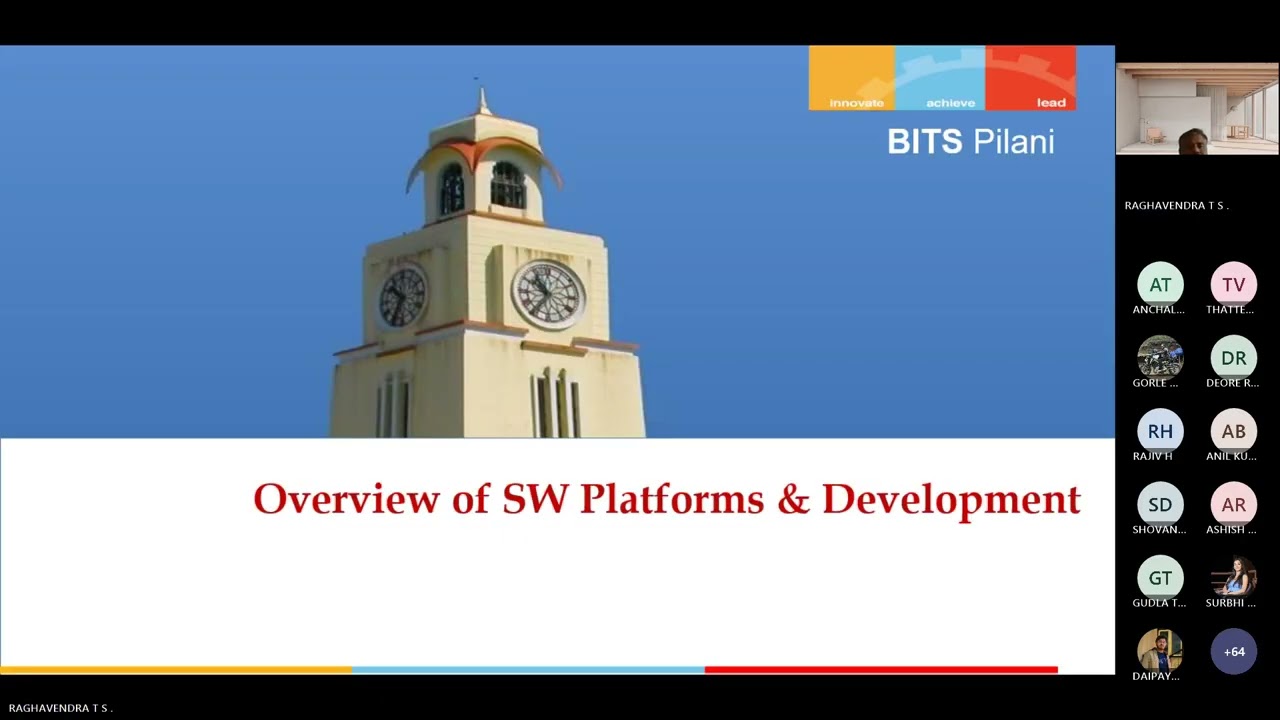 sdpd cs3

***

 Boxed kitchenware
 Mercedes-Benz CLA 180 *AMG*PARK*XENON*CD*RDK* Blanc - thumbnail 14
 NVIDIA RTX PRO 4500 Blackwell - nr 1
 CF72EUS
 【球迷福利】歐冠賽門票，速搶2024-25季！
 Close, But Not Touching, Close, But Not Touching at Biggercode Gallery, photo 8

***

Which lines above run from the one containing "Mercedes-Benz CLA 180" to the one containing "Close, But Not Touching, Close, But"? Give them again exactly, both ends included.

 Mercedes-Benz CLA 180 *AMG*PARK*XENON*CD*RDK* Blanc - thumbnail 14
 NVIDIA RTX PRO 4500 Blackwell - nr 1
 CF72EUS
 【球迷福利】歐冠賽門票，速搶2024-25季！
 Close, But Not Touching, Close, But Not Touching at Biggercode Gallery, photo 8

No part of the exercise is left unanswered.